It was 75 years ago when oil was initially detected in the Bakken shale of North Dakota. Some 60 years later, the technology finally caught up to the oil and gas risk assessment criteria. Horizontal drilling and hydraulic fracturing were combined to harvest the oil from the shale. At that time, oil was peaking at over $100 per barrel, which was a sufficient incentive for companies to drill costly shale wells.
After the price of oil dropped below $50 per barrel, more than a few analysts theorized that the shale boom would die due to the high cost of drilling into shale. However, that turned out to be untrue. Subsequent oil and gas cost engineering and drilling innovations have lowered the costs of shale drilling. The industry may have slowed, but it has not been halted. Cost-saving advances in shale drilling have not only kept the industry alive, they have enabled it to continue despite the lower oil prices that experts predicted would make such enterprises unprofitable.
It is well known that the major cost of fracking was drilling the shale wells. In the recent past, it was routine for a well to be drilled that produced no oil whatsoever. That is a rarity now. The technology to find the reserves has improved along with the way the wells are drilled.
You are probably aware of the basic techniques involved in horizontal drilling and fracking. Tight shale formations can be reached a mile or more away from the well head. Once the shale has been reached, it is fractured to release the trapped natural gas and oil.
Multi-pad drilling has proven to save time and money for oil and gas producers because the drilling rig only has to be moved less than 10 yards before another well can be drilled into the same reservoir. By reducing the need for new roads, more pipelines and worker facilities, millions of dollars are saved and hundreds of man-hours are eliminated. If these features only have to be set up one time for every four wells, the reduction in labor and expenses is enormous.
Speed is a second factor that is decreasing the cost of drilling. More efficient rigs and a more experienced labor force mean greater savings. The average time it takes to drill a well for Chesapeake Energy’s Powder River Basin Project dropped from 35 days to 14 in the last two years. The cost has plummeted from $4.5 million to $2.6 million. The average drill cost per foot was lowered from $245 to $143. That means drilling costs have been reduced for Chesapeake by about 42 percent, which offsets the drop in the commodity cost.
Other companies have reported cost reductions from 2014 to 2015. Bakken well costs dropped from $7.1 million to $5.9 million. Eagle Ford wells went from $7.6 million to $6.5 million. Marcellus wells were reduced from $6.6 million to $6.1 million. Midland Basin wells fell from $7.7 million to $7.2 million and Delaware Basin well costs were lowered from $6.6 million to $5.2 million.
Older wells are also being refracked at a savings of 75 percent over drilling a new well. There are more than 50,000 old wells in the United States that could be refracked. The only thing preventing refracking from taking off is the uncertainty of where to target the fracking fluid. However, new software combined with petroleum economics courses are removing the hit-or-miss nature of refracking wells and making them cost-effective.
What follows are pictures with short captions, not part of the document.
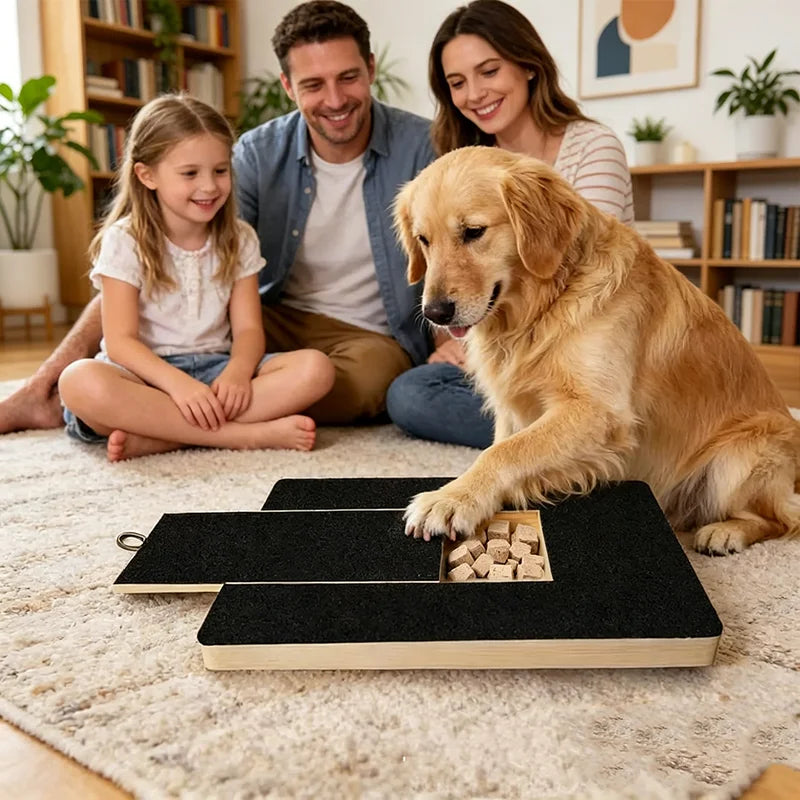 Pet Scratching Board with Built-in Treat Box Dog Nail Trim Pad Pull-Out Nail Scratch Board Toy Sandpaper Board Scratcher for Dog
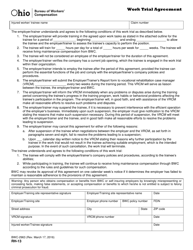 Document preview: Form RH-13 (BWC-2963) Work Trial Agreement - Ohio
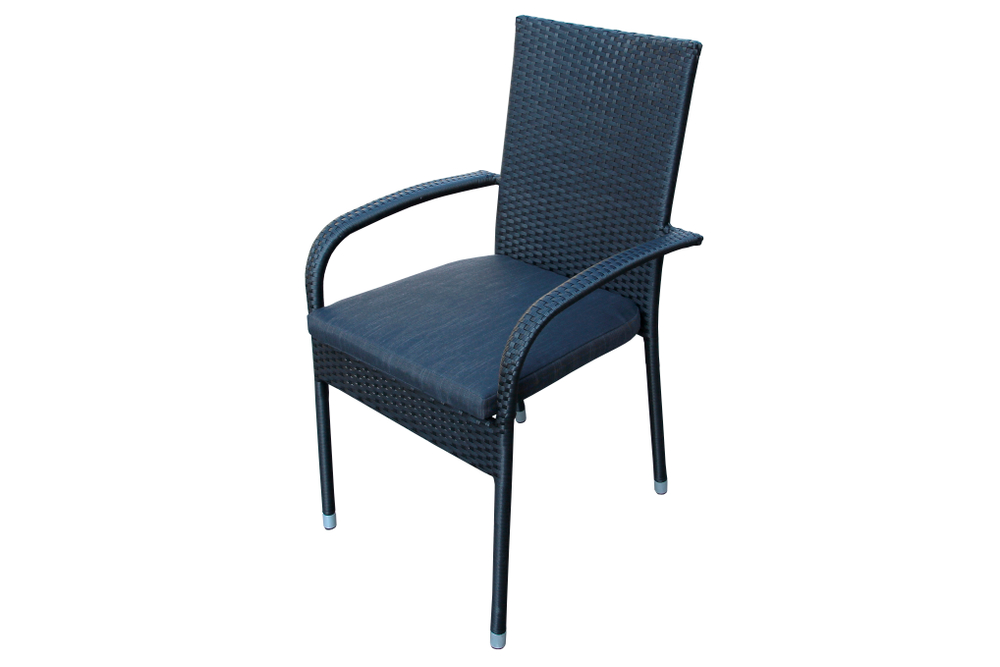 Стул  Парис с подушкой арт.GS014, черный серый "Garden story"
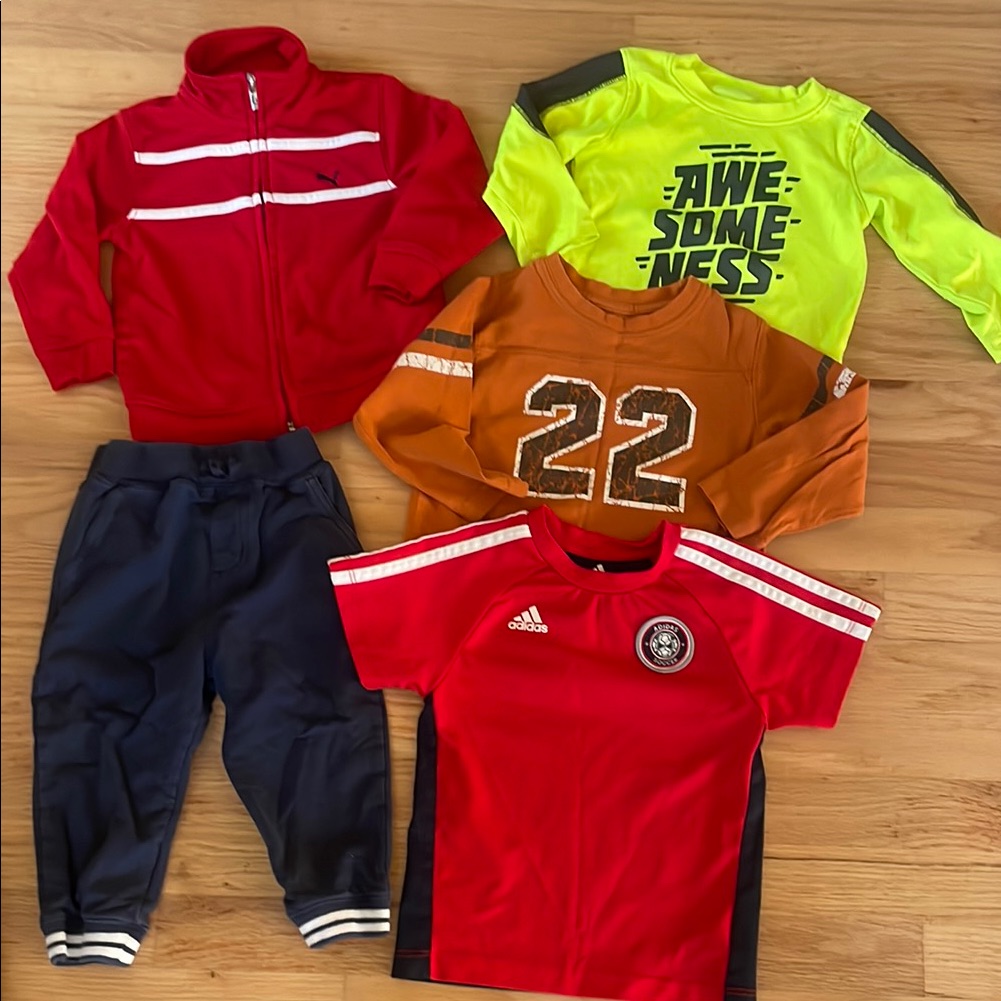 Adidas Shirts & Tops | 5 Pieces Assorted Sports Clothing Bundle, Adidas, Puma, Size: 18-24 Mo | Color: Red | Size: 18-24mb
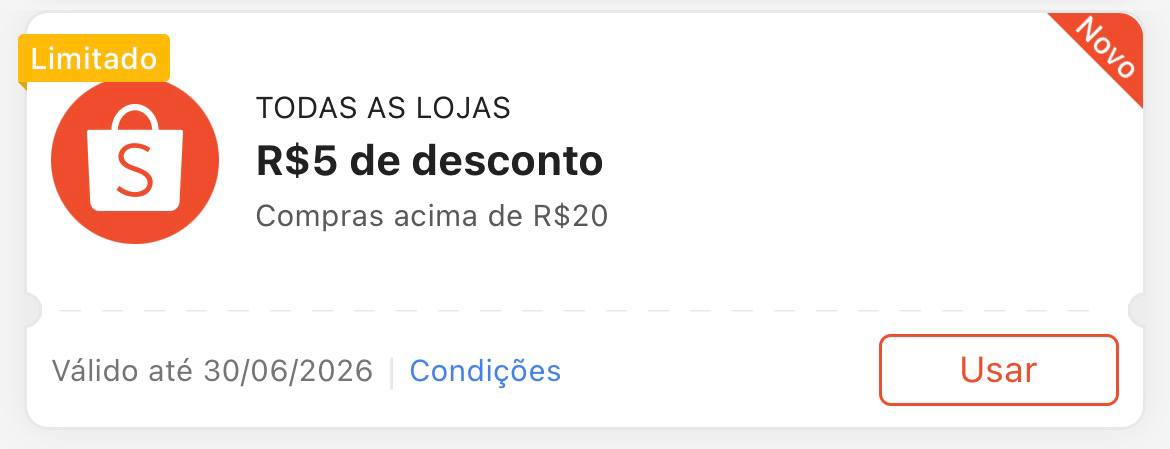 Cupom R$ 5 a partir de R$ 20 - Shopee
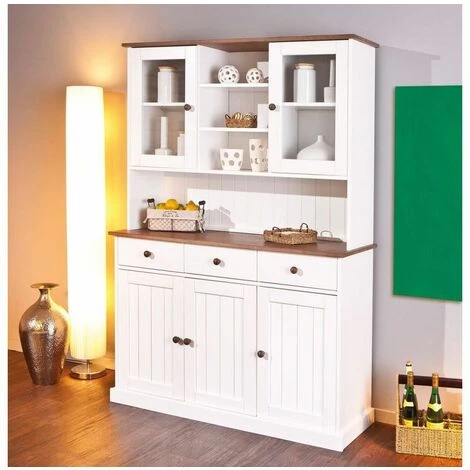 Buffets BOBOCHIC - Vaisselier Bois Massif WINTERLAND Blanc Et Bois - Blanc 4 Buffets BOBOCHIC - Vaisselier Bois Massif WINTERLAND Blanc Et Bois - Blanc – Image 2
Oil giant Halliburton recently received $500 million in financing from Blackrock Inc. to refrack the wells of their customers. Its president Jeffrey Miller says that the relatively small market for refracking could expand significantly in the future. This would not have been possible without the strides made in analytical software and new theories regarding petroleum economics. As the science of fracking and refracking marches forward, the costs keep coming down, which enables a healthy profit despite the overall decline in the price of oil due to the overproduction by Saudi Arabia and other oil-producing countries.